A DD4T.net Implementation - Taxonomy Performance Issues

Retrieving Classified Items for Multiple Keywords

My intention when retrieving the classified items for a taxonomy is to resolve the entire taxonomy (i.e. all its keywords) first, and then cache it. This way, retrieving the related content for a given keyword would be very fast. I described this approach for DD4T Java in post Retrieve Classified Items for Multiple Keywords.

There is one issue with that approach in .NET -- it is not standard API and one must write their own Java Hibernate code to retrieve the classified items. In DD4T Java that is not an issue, but in DD4T .NET, exposing the custom Java logic to the .NET CLR is not easy. It would involve writing some JNI proxy classes to bridge the two virtual machines. I just don't feel like writing that code.

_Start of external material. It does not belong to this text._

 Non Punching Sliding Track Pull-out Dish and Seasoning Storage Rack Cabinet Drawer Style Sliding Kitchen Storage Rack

Enter the second best approach -- resolving classified items on-the-fly, for one keyword at the time, on demand, as described in post Taxonomy Factory.

Retrieving Large Taxonomies

Another performance issue is to retrieve large taxonomies. The API call to read entire taxonomies is TaxonomyFactory.GetTaxonomyKeywords(taxonomyUri). This is the only method on the Tridion.ContentDelivery.Taxonomies.TaxonomyFactory class that will retrieve a root Keyword with all its Parent/Child keyword properties resolved, so the taxonomy is fully navigable up and down.

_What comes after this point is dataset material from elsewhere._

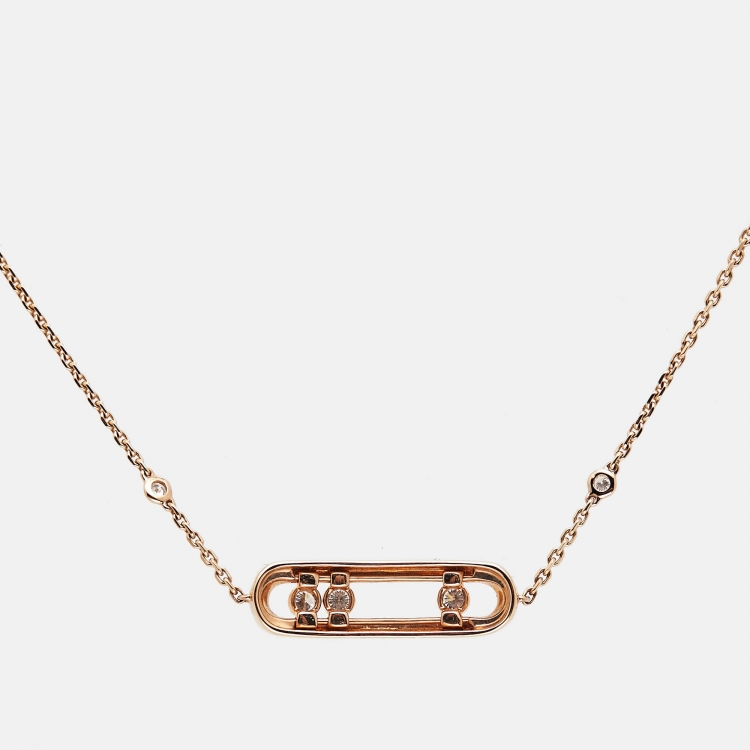 Pre Owned Messika Baby Move Pavé Diamond 18k Rose Gold Bracelet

However, the method above is a bottleneck for large (really large) taxonomies. Internally the method reads all keywords in the taxonomy and all their custom meta objects. This can take a significant hit on performance.

My solution for this problem was to use a discovery algorithm that would read one keyword in the taxonomy and resolve its parent keywords up to the root. Resolving means reading its custom meta and the items directly classified against it. The root keyword would be cached, together with all its discovered child keywords.

When a new keyword would be requested, first the algorithm tries to read it from the cached root keyword (as one of its possible children). If that search didn't find the keyword, we assume the keyword was not resolved yet, and the discovery process would start once again, and it would attach the new keyword at its appropriate level in the taxonomy.

Slowly and on-demand, the taxonomy structure would be created and it would consist only of the keywords that were requested. The following code shows this algorithm. Note the usage of TaxonomyFactory.GetTaxonomyKeyword() method that returns a partially resolved keyword.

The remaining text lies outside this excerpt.